Begin with Your Service Strategy

If it is well designed, you will find a number of measurable promises in it. A company with a ‘zero-defect forty-eight-hour turnaround on all orders’ policy has a strategy that is extremely measurable. The service strategy should also suggest some less obvious measurements. For example, a company strategy should suggest certain internal measurements, such as ‘where does the service-delivery programme break down?’

Measure Your Service Frequently

In many businesses, particularly restaurants, once a month is a minimum but obviously this type of feedback depends very much upon the type of industry and whether an external or internal customer is under consideration.

Ask Customer-based Questions

Tap into both the customer’s experience (“what happened to you?”) and the customer’s perception (“How do you feel about what happened to you?”). The customer’s specific personal experience and interpretations are far more enlightening than open-ended questions such as “On the whole, how was your stay?” or “How did you feel about our product?”

Ask Fair Questions

Ask questions, which can yield information that the staff themselves can act upon. Concentrate on people-regulated process, not machine-regulated systems that people are powerless to change.

Collect Group and Individual Data

Look for data that can be helpful to individual performers as well as to working groups. The people responsible for the cleanliness of the rooms in a hotel need to know specifically how the guest felt about the cleanliness, as well as the general view of the hotel service.

Watch the Competition

You should also try, where possible, to collect information on the sales, market share and levels of customer satisfaction of your competitors, at least twice a year. A well-known retail chain sends its managers out into the malls to ask how customers feel not only about their own store, but about the competition’s stores.

Collect both quantitative and qualitative data. The measurement system should collect numerical ratings as well as customer comments. Both need to be analysed and discussed and specific comments should explain the numbers.

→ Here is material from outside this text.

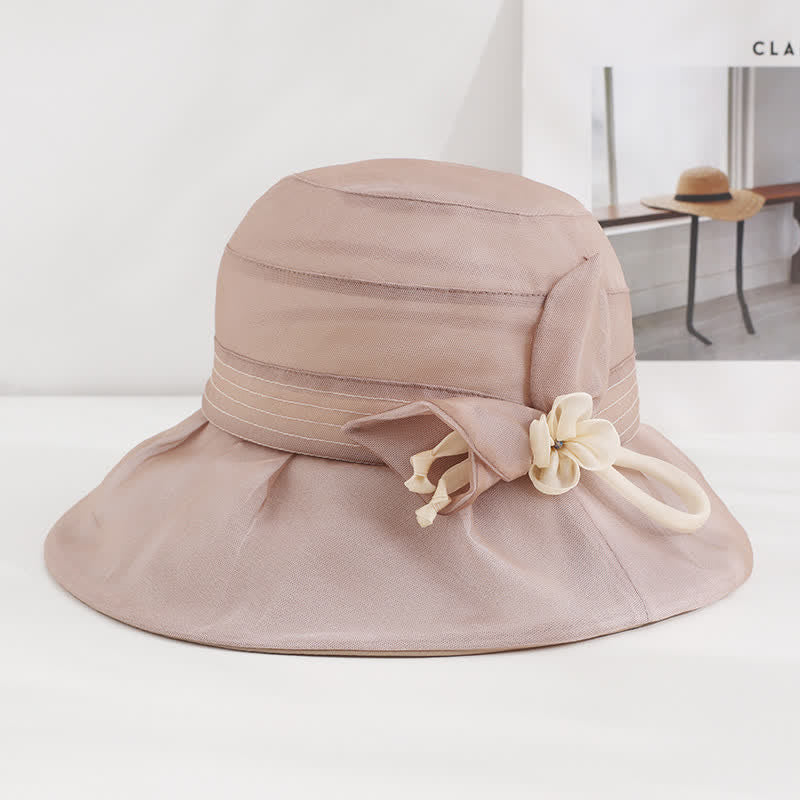 Chapeau d'été large en soie véritable à fleurs décoratives pour femme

Both kinds of information are useful.

Make the Result Visible

Display the results and emphasise their importance. It destroys the notion that customer ratings are something held in confidence and not discussed with the frontline, that is, those employees who deal directly with customers. Frontline results should be posted where frontline people can see them.

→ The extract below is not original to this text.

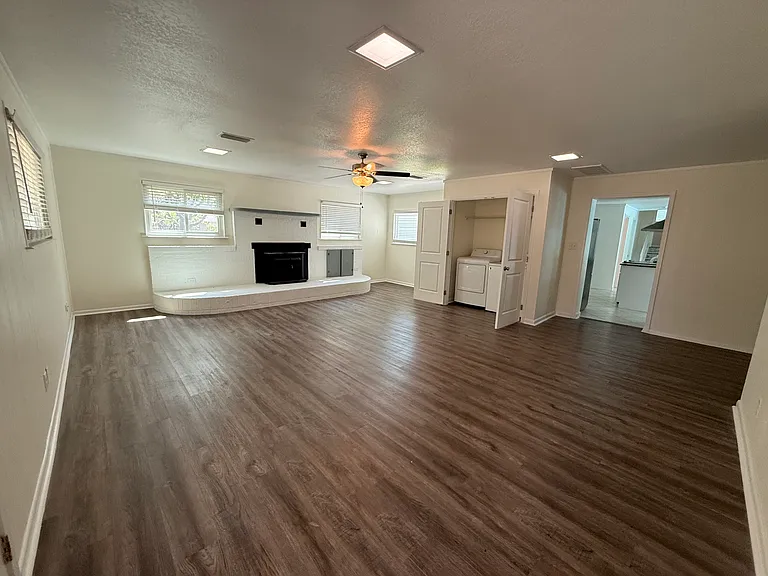 28 E Wild Briar Rd #C — Photo 14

Make Sure the Results are Employee-Friendly

Simple straightforward averages and rations work better than artificially compiled and weighted index scores. People are more likely to understand that 87% of customers rated frontline employees cheerful and helpful.

Make Sure the Results Are Believable

If employees have seen the collected results, know how they have been compiled and have evidence that is was their customers who gave the information, they are more likely to act on it. If the information comes down from management, is random sampling and anonymous, employees tend to discount it.

Make Sure the Results Are Used

Customer-satisfaction results should be discussed with the staff. If a celebration is held following excellent results, staffs begin to see the data as important. Some companies hold a barbeque (braai) to which all the staff members are invited. Merely posting numbers or sending out a memo about complaints does not work.